Dr. Randall Miller, Research Curator, Geology and Palaeontology, New Brunswick Museum

This is part of the headframe and processing structure at Albert Mines. This is about all that’s left of a community that was extremely busy in the late 1800s. It was here that they mined albertite. Albertite is a bitumen named after Albert County where it was found, and it was used in the production of kerosene. Abraham Gesner, the first Provincial Geologist in New Brunswick is often credited with developing a process to distill kerosene, he is often thought of as a founder of the modern petroleum industry.  Albert Mines has been famous for albertite but it’s also well known because of the fish fossils that have been found here in the shales. These are oil shales that were deposited at the bottom of a lake about 350 million years ago, and have produced some really interesting fossils, very few plants, but lots of fish.
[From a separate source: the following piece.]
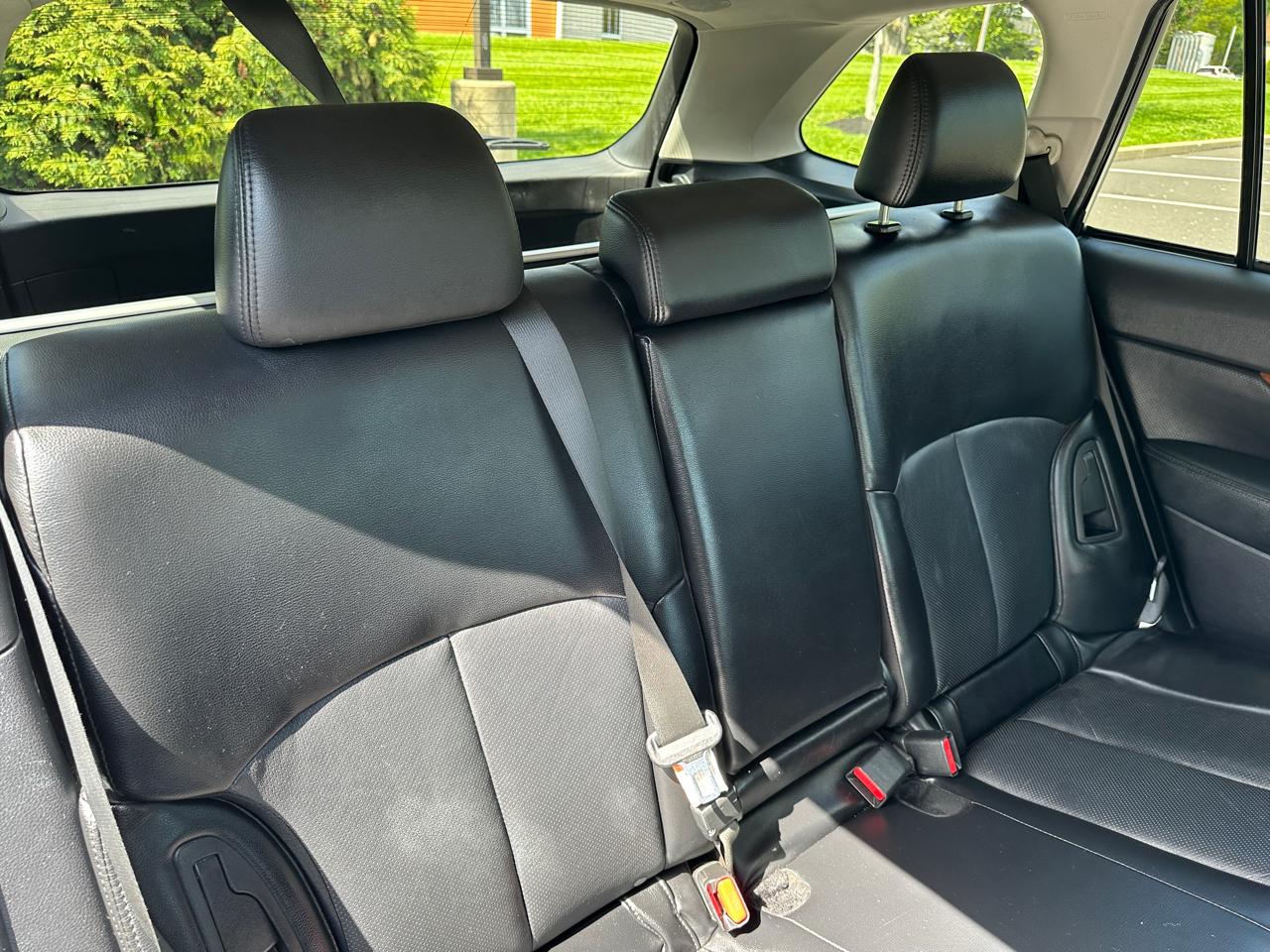 Subaru Outback 4dr Wgn H4 Auto 2.5i Limited 2013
The fish are remains of palaeoniscid fish, these are early bony fish. In the Albert shale complete specimens of palaeoniscid fish have been found although they are pretty rare. It’s more common when you split open the shales to find fragments of fish, or quite often isolated scales that are in the coprolites.  It’s hard to imagine that foundations like this are all that left of a once busy community. If you look at some of the archival photographs of this place, there was a church here, a school, a mine managers house, a headframe that you can see in the picture, which is where I am probably sitting, and community buildings for the workers who lived here.